Auch ohne den Kapitän gelingt Arsenal ein souveränes 3:0
Der Klub mahnte ihn mit einer öffentlichen Stellungnahme ab, die ihn an seine "Verantwortung" erinnern sollte. Aufgrund dieser unrühmlichen Liste an Vorkommnissen hat sich der bisweilen ebenso genialische wie kaum zu kontrollierende Aubameyang inzwischen selbst entbehrlich gemacht.

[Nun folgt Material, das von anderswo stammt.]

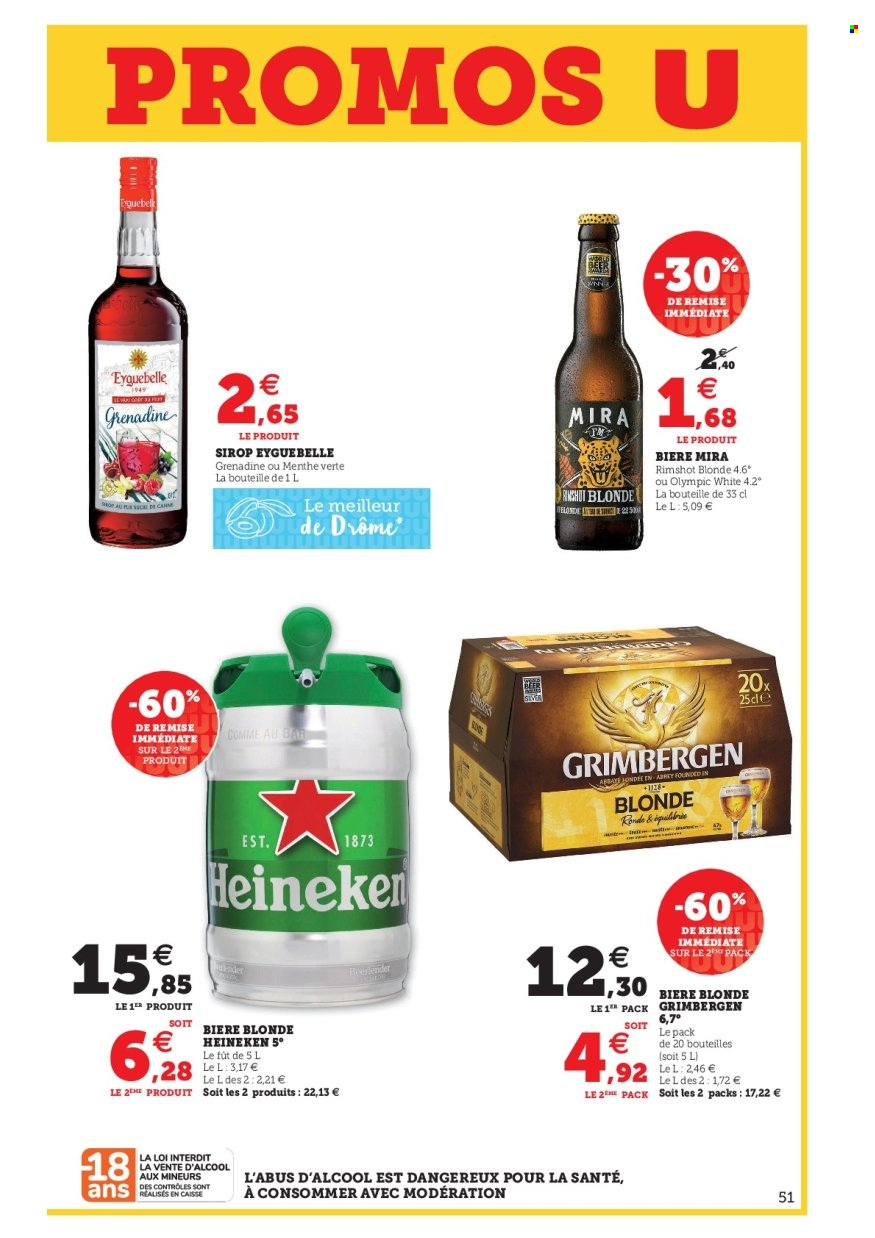 thumbnail - Catalogue HYPER U - 31/05/2022 - 11/06/2022 - Produits soldés - bière, bière blonde, Grimbergen, Heineken, menthe, sirop. Page 51.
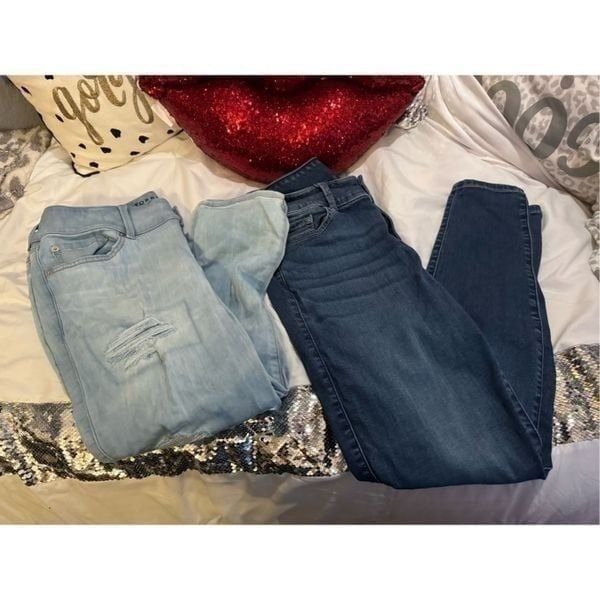 Torrid lot of 2x super soft blue jean/denim jegging legging light & dark blue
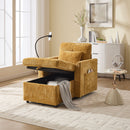 Multifunctional Chenille Recliner Sofa With Storage And Phone Bracket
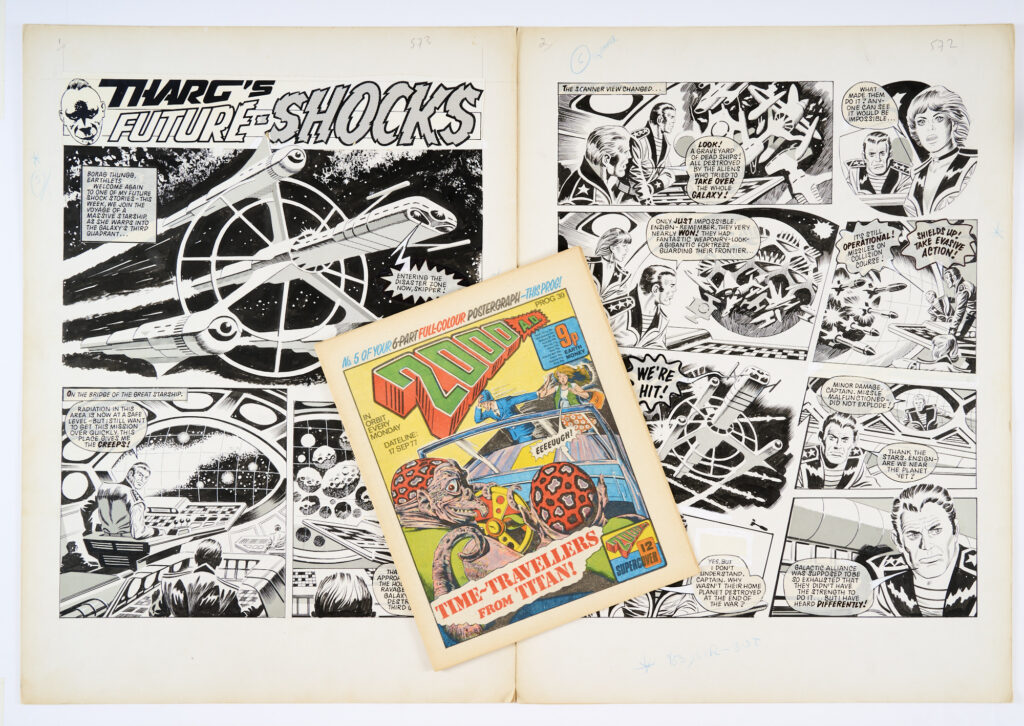 'Tharg's Future Shocks': two original artworks by Ron Turner (1977) from 2000 AD prog 30 pgs 28 & 29 with original comic. 'A Galactic Alliance Starship is attacked in the graveyard of dead ships…' Pen and ink with Letraset on board. 21 x 16 ins (2 artworks, 1 comic)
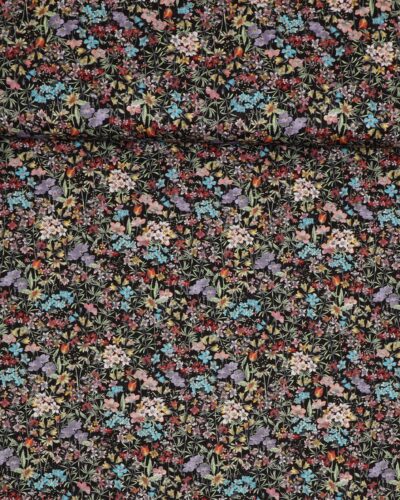 Engblomster på sort - Patchwork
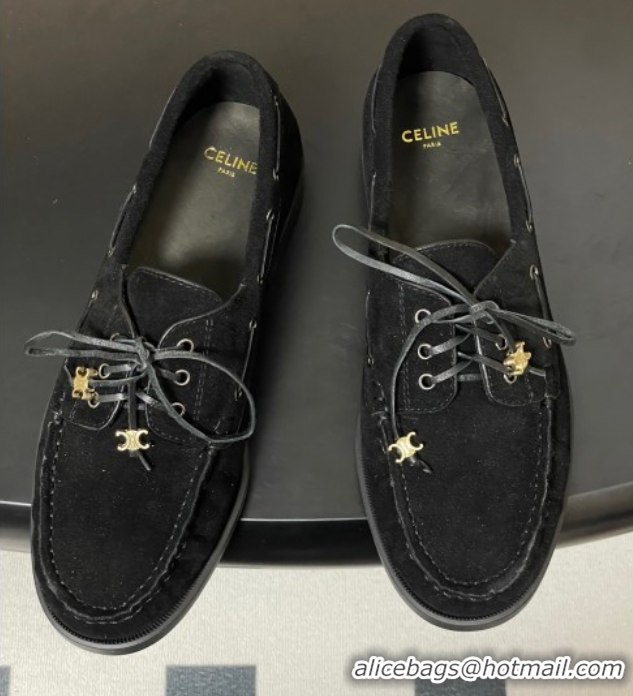 Best Price Celine Bateau Lace-up Loafers in Suede Black 50826064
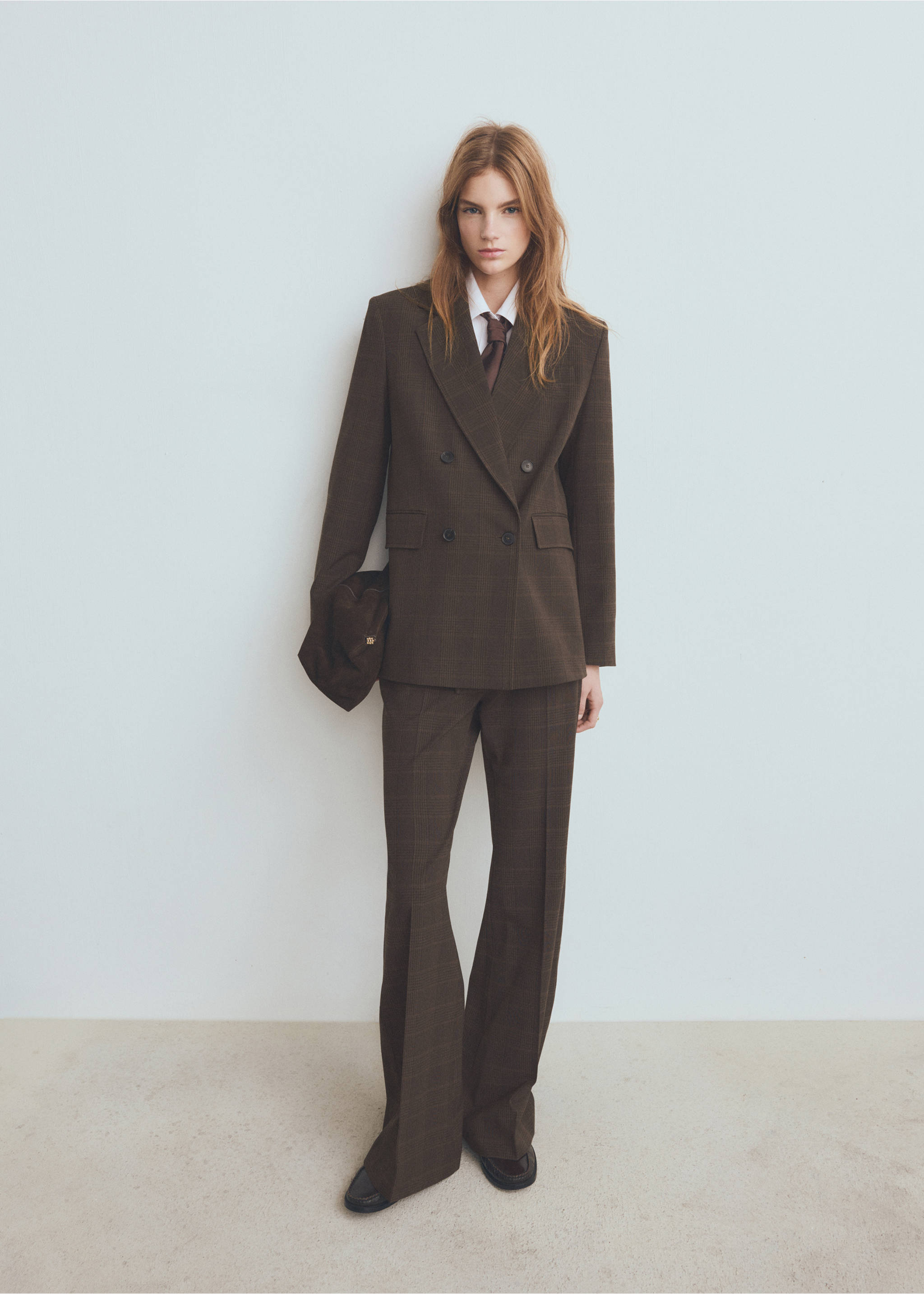 格子西装长裤 - null, 褐色. Ref: 27031324-00.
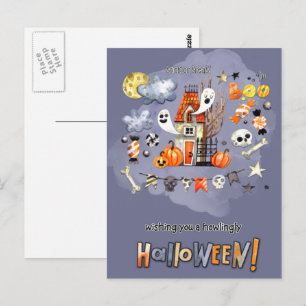 Happy Halloween. Fun Spooky House Briefkaart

Trotz seiner kurzfristigen Nicht-Nominierung spielte Arsenal ein souveränes 3:0 über das abstiegsbedrohte Southampton heraus und hält dadurch weiter Anschluss an den vierten Tabellenplatz. Dieser würde die Londoner erstmals seit der Saison 2016/17 wieder zur Teilnahme an der Champions League berechtigen. Aubameyangs freie Mittelstürmerposition übernahm sein Angriffskonkurrent Alexandre Lacazette, der prompt das Führungstor erzielte (21.), bevor Spielmacher Martin Ødegaard (27.) und Innenverteidiger Gabriel (62.) nachlegten. Weitaus mehr als die Partie selbst brachten Trainer Arteta später die Nachfragen auf der Pressekonferenz zu Aubameyang ins Schwitzen.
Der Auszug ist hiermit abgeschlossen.